WHAT YOU NEED TO DO →
Output range, inclusive: from the line containing "好球体育官网,好球吧比赛直播" to the line containing "Collaboard logo". Restate those lines from the data below word for word and only those.

(Dataset entries)
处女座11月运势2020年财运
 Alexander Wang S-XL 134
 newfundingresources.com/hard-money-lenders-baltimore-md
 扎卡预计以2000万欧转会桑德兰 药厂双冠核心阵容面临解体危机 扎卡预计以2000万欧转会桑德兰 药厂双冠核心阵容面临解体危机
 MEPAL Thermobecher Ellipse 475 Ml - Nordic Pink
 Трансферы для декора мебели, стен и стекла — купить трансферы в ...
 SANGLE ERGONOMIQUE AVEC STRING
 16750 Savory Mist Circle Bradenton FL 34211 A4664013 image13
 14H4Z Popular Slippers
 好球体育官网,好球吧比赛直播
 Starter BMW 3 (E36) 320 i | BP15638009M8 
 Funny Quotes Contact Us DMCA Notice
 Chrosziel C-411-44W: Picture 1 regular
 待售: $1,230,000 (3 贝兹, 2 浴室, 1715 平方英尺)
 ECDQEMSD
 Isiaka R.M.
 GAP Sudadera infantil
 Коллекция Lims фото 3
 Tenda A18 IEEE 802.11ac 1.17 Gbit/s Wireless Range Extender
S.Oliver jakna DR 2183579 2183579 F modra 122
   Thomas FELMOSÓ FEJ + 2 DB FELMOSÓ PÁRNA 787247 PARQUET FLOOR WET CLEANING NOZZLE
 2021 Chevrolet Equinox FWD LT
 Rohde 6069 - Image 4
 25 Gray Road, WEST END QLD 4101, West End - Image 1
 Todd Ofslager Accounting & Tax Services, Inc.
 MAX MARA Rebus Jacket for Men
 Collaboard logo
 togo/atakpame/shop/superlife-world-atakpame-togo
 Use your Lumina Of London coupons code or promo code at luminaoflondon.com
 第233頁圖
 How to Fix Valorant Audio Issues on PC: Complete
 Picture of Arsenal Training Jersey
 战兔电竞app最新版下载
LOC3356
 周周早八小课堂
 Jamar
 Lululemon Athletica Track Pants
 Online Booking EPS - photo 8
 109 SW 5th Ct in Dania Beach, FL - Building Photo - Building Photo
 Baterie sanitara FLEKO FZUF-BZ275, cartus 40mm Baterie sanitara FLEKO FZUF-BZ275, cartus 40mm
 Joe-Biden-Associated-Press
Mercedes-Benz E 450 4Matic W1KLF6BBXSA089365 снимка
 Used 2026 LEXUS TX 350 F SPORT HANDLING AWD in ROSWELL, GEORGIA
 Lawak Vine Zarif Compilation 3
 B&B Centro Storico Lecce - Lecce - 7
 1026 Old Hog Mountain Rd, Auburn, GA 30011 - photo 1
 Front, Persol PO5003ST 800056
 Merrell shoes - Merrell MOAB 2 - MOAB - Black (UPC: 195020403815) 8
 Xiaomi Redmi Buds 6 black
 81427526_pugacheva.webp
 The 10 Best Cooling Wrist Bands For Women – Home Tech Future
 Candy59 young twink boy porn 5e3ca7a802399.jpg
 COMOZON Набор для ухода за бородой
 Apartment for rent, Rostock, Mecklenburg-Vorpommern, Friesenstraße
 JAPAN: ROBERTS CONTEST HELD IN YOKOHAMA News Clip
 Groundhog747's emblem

YOUR SOLUTION →
 好球体育官网,好球吧比赛直播
 Starter BMW 3 (E36) 320 i | BP15638009M8 
 Funny Quotes Contact Us DMCA Notice
 Chrosziel C-411-44W: Picture 1 regular
 待售: $1,230,000 (3 贝兹, 2 浴室, 1715 平方英尺)
 ECDQEMSD
 Isiaka R.M.
 GAP Sudadera infantil
 Коллекция Lims фото 3
 Tenda A18 IEEE 802.11ac 1.17 Gbit/s Wireless Range Extender
S.Oliver jakna DR 2183579 2183579 F modra 122
   Thomas FELMOSÓ FEJ + 2 DB FELMOSÓ PÁRNA 787247 PARQUET FLOOR WET CLEANING NOZZLE
 2021 Chevrolet Equinox FWD LT
 Rohde 6069 - Image 4
 25 Gray Road, WEST END QLD 4101, West End - Image 1
 Todd Ofslager Accounting & Tax Services, Inc.
 MAX MARA Rebus Jacket for Men
 Collaboard logo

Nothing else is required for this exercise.